The Royal Parks has received £353,000 from Sport England for a pilot scheme to install cutting edge technology under one of its existing football pitches in The Regent’s Park to transform it into a grass hybrid playing area. It will be the first time a pitch of this type has been installed in outdoor public sports facilities in the UK.
The pilot project will see innovative hybrid matting buried under the natural turf, allowing grass to grow through while helping to maintain the condition of the pitch throughout the year.
The current sports pitches are designed for 12 hours play a week, and at times during the winter are closed due to wet weather. The new hybrid pitch can take a lot more play and wear before it becomes too worn. This will allow thousands more people to enjoy sports in the park throughout the year, with particular focus on 11 to 14 year olds as the new hybrid area will also provide two new nine-a-side pitches, which are ideal for that age group.
Edward Strickland, who is leading the project for The Royal Parks, said:
“We are delighted that Sport England has supported our application to trial one hybrid pitch. This is a great opportunity to further invest in our facilities and encourage thousands more people to take up sports. We have done a lot over recent years to increase participation by offering a much broader range of sports in the parks, but more people means more wear and tear which is why we are trialling this new system.

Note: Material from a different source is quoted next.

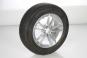 Pack jantes alu et pneus MICHELIN/Alpin5 à 5 doubles branche  - Image 2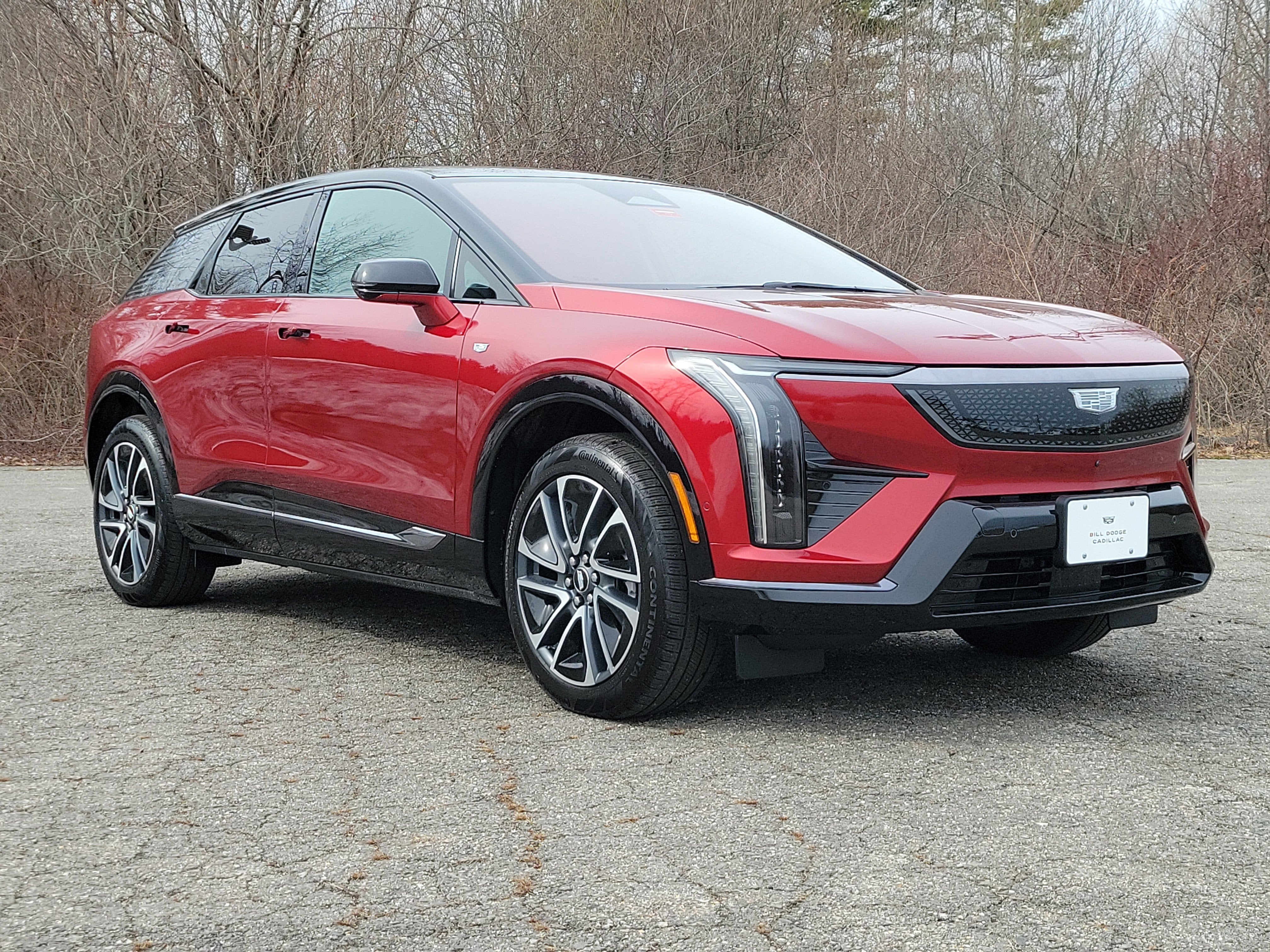 2026 Cadillac OPTIQ Sport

“As we are working in natural, historic parkland we will be undertaking this project as a trial. The trial will examine how well the new surface works, how it looks, and what maintenance is needed to achieve higher usage without damaging the new surface.
“It is important to highlight that this isn’t a traditional artificial pitch; it blends in to the environment far better. It looks like natural grass, it’s very discreet, it’s sustainable and more importantly it allows natural grass to grow through.”
Commenting on the new pitch, Charles Johnston, Sport England’s Property Director, said:
"In keeping with our aim of increasing physical activity, Sport England is pleased to support the trial of this innovative hybrid pitch by The Royal Parks charity. As the new pitch has a longer lasting and more resilient playing surface it can be used intensively for longer periods. So with less downtime due to wear and tear, greater numbers of people will be able to access a quality playing surface for longer and benefit from physical activity."
Work on the new pitch has already started with the first players expected to use it from the beginning of October.
During the trial, the performance of the pitch will be monitored by Royal Parks’ wildlife and horticulture experts.